**Data shown:**
==*==

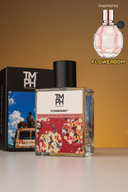 flower burst  | TMPerfumehouse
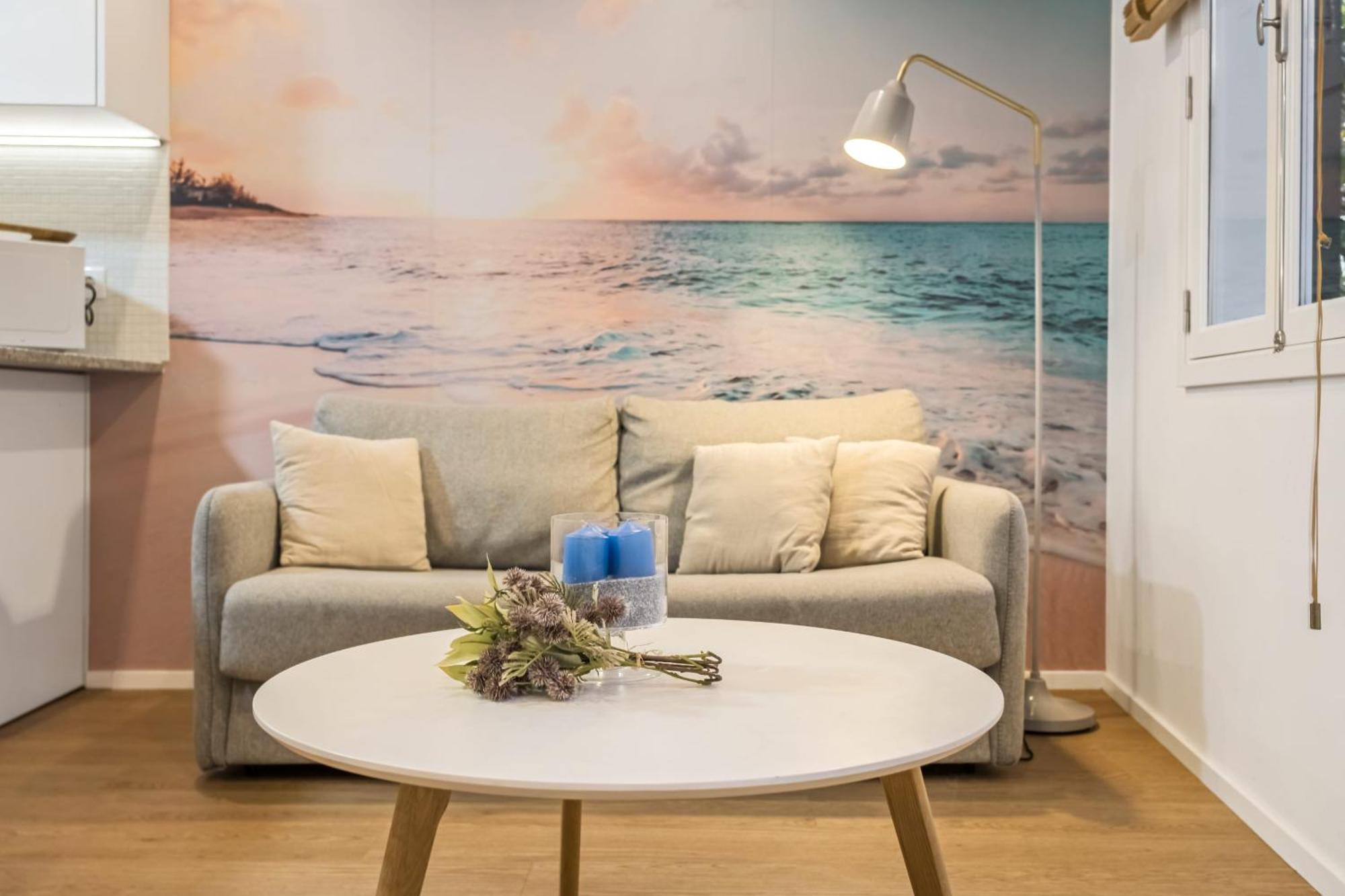 Funchal Tropical Apartments By Madeira Sun Travel Dış mekan fotoğraf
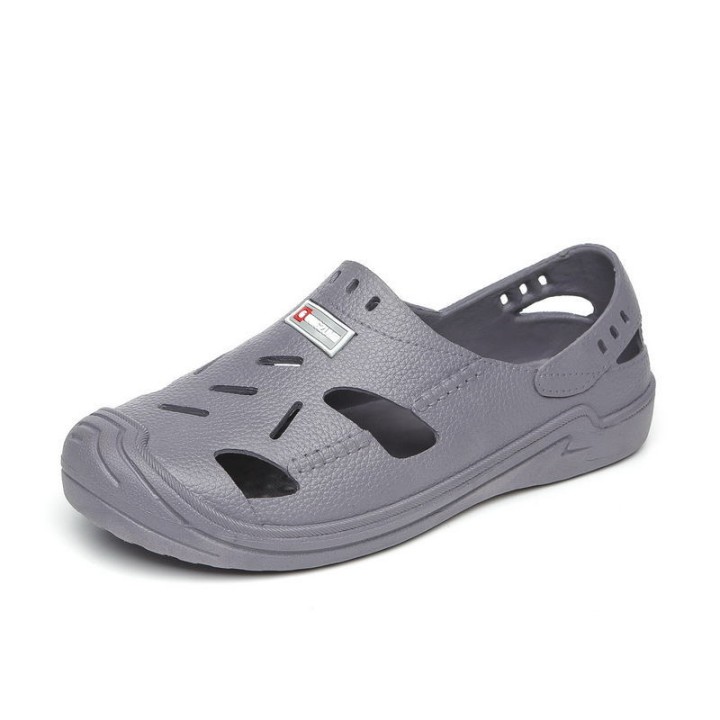 Vofox hole shoes Rubber Beach Shoes Sports swim Water Aqua Shoes for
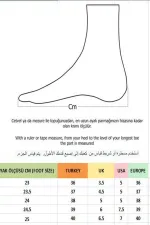 Muggo DESTİNY Gold Tokalı Tek Bant Sivri Burun Kadın Topuklu Terlik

==*==

What you output must be exactly the lines from the line with "Vofox hole shoes" through the last line of the listing, pictures excluded.

 Vofox hole shoes Rubber Beach Shoes Sports swim Water Aqua Shoes for
 Muggo DESTİNY Gold Tokalı Tek Bant Sivri Burun Kadın Topuklu Terlik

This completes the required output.